And of all of the stuff available what do I personally find most helpful?
Well, one of the first things I set up for every e-commerce site I create is a spreadsheet. Each day I record the number of sales and gross receipts. It's a simple little thing really. No ranking data at all in it. Just dates, sales and money made. And it's the first thing I work on every single day.
For newer sites I can tell at a glance whether things are improving or not. It's easy to see. For older sites where I have a year or years of history I can not only tell you whether things are improving, staying steady or headed downhill, but I can give you an estimate of how much money I'll make from any of my sites for any week or month of the year. With seasonality automatically factored in.

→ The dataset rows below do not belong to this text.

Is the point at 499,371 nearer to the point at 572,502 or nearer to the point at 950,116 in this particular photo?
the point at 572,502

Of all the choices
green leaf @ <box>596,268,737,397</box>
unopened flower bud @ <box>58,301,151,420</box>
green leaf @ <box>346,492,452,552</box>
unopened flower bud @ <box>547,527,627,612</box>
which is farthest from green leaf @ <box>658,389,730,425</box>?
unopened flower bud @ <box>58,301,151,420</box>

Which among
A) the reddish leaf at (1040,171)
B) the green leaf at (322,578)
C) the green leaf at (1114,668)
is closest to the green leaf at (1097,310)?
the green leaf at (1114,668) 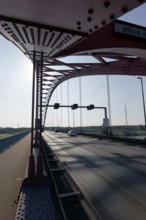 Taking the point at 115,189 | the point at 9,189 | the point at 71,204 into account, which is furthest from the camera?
the point at 115,189

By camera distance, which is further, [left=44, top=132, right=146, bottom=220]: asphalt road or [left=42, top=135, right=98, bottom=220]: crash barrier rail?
Result: [left=44, top=132, right=146, bottom=220]: asphalt road

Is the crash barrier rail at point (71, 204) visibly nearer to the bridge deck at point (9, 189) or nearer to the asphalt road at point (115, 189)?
the asphalt road at point (115, 189)

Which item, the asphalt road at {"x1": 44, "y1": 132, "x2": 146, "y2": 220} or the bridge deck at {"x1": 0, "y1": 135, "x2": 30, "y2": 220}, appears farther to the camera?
the asphalt road at {"x1": 44, "y1": 132, "x2": 146, "y2": 220}

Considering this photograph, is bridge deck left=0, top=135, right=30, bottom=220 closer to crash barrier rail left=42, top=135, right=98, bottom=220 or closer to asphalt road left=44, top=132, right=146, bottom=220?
crash barrier rail left=42, top=135, right=98, bottom=220

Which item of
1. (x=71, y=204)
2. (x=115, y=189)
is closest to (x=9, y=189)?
(x=71, y=204)

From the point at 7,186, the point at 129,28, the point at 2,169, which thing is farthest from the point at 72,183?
the point at 129,28

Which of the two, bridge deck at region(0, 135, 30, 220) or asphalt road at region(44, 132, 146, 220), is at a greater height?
bridge deck at region(0, 135, 30, 220)

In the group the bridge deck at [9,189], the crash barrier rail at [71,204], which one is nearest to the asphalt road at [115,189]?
the crash barrier rail at [71,204]

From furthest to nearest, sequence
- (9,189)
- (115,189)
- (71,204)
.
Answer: (115,189) < (9,189) < (71,204)

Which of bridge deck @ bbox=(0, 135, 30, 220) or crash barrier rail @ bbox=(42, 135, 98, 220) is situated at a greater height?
bridge deck @ bbox=(0, 135, 30, 220)

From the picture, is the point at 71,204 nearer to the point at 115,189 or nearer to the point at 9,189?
the point at 115,189

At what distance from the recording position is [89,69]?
2841 cm

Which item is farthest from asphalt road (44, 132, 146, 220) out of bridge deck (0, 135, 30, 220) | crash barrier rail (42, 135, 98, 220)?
bridge deck (0, 135, 30, 220)

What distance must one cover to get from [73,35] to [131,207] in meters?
4.61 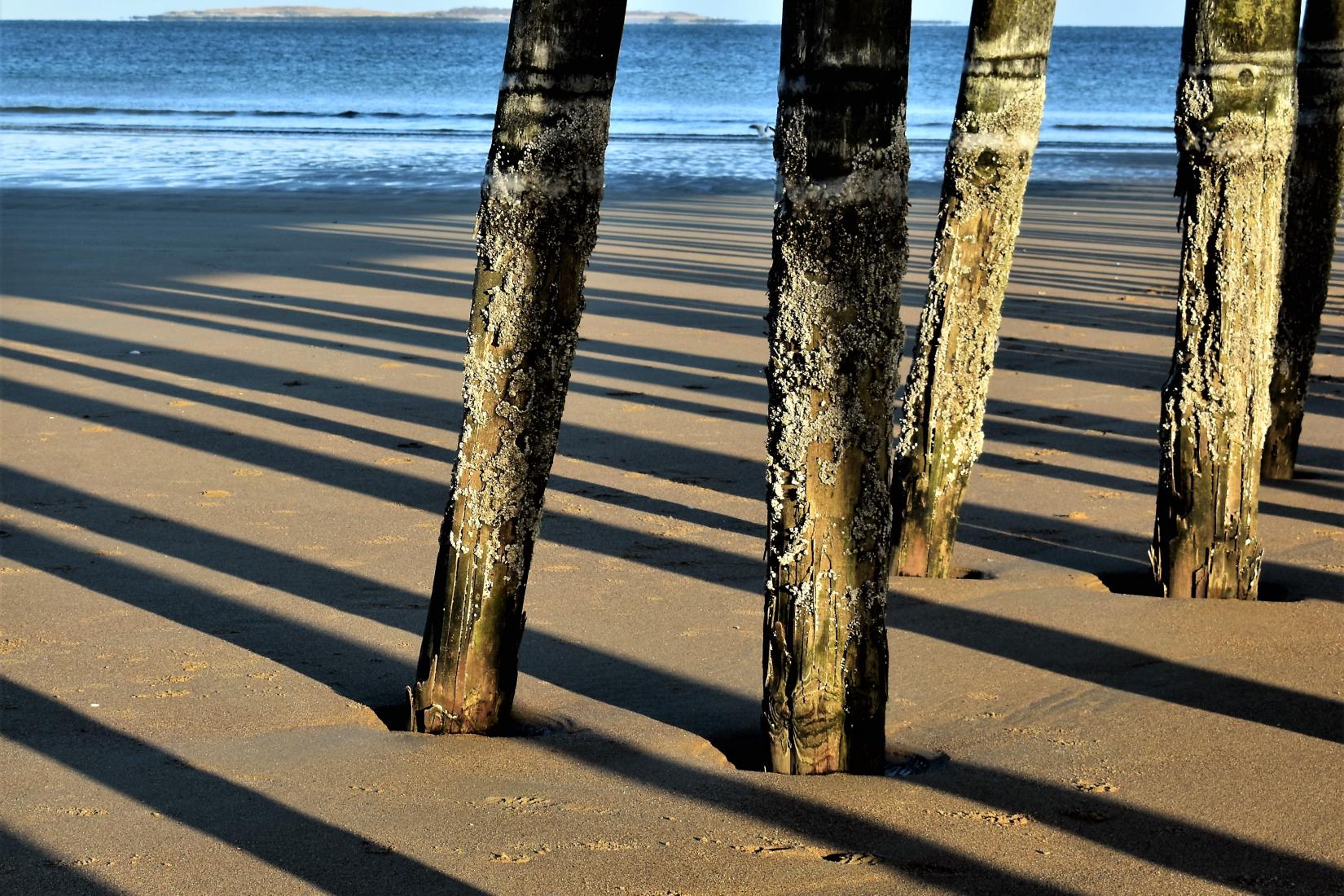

From a business perspective knowing what income to expect is the most important bit of data to have at your fingertips IMHO. Because if something doesn't reach its expected level it gives me a quick heads up that I need to dig a bit deeper. While if things are stable or improving I save myself the time of doing the digging for no reason.
That's probably not very helpful to you, unless you can convince your clients to let you see the sales data. But if you can get your hands on it I encourage you to take the time to set up a spreadsheet and update it religiously. That way when (not if) a client comes to you grousing about ranking fluctuations you can counter it with the fact that the site is making them more money. Money and cash flow is always more important than the rather useless metric of Rankings is to real business people.
Posted 06 April 2010 - 12:46 AM
expand on title tag and description
strengthen content, make it linkworthy
create landing pages as necessary
take link building action (directories, articles, coupons, bloggin)
engage in social media
Then I see results. Trend type results which may be meaningful if it correlates to number and dollar amount of sales (just as you emphasized).
It's a dual edged sword - a combination of an activities and statistics. It's nice to be able to correlate an activity to a result. See a site's activity/traffic grow parallel with inbound links or a particular inbound link is useful, especially if the trend translates to dollars and cents. Without making this overly complicated, I made up a fairly simple spreadsheet that can be used in combination with an activities list, both dated.
Posted 06 April 2010 - 06:21 AM
Just following on from what Randy mentioned, as someone who has been on both sides of the SEO fence i.e. client receiving a monthly summary and an SEO analyst producing a summary, I can tell you that a basic summary report can get very irrelevant and a waste of time. When I used to receive summaries as the client , we would receive keyword lists with traffic, rankings for keywords, total visits, total average bounce rate, etc. initially we liked the fact that traffic was growing and we were ranking for keywords (even though we hadn't asked to rank for most of them!). But eventually it dawned on us that the reports weren't really targeted at our business and our bottom line. What we really wanted was a report that showed how much money we were making from our SEO efforts, so no keyword reports, no traffic reports, no bounce rates, just a report that showed an increase of blue widgets sold per month and how it was attributed to our SEO efforts.
So herein lies the problem with monthly summaries, they don't really tell you much and only serve to try and justify an SEOs large expense. Most clients have access to Google Analytics or some other stats package, so they will already know about keywords, visits etc so I don't see the point in providing this kind of info.
Personally I feel that summary reports should reflect the goals and objectives of the web site such as how many forms were filled out, how many widgets were sold, how many newsletters were registered for etc. You can create summary reports based around these metrics and they make much more sense to the client. e.g. The article on blue widget holders written last month has generated X amount of traffic for 'widget holders' and those visitors then went on to purchase.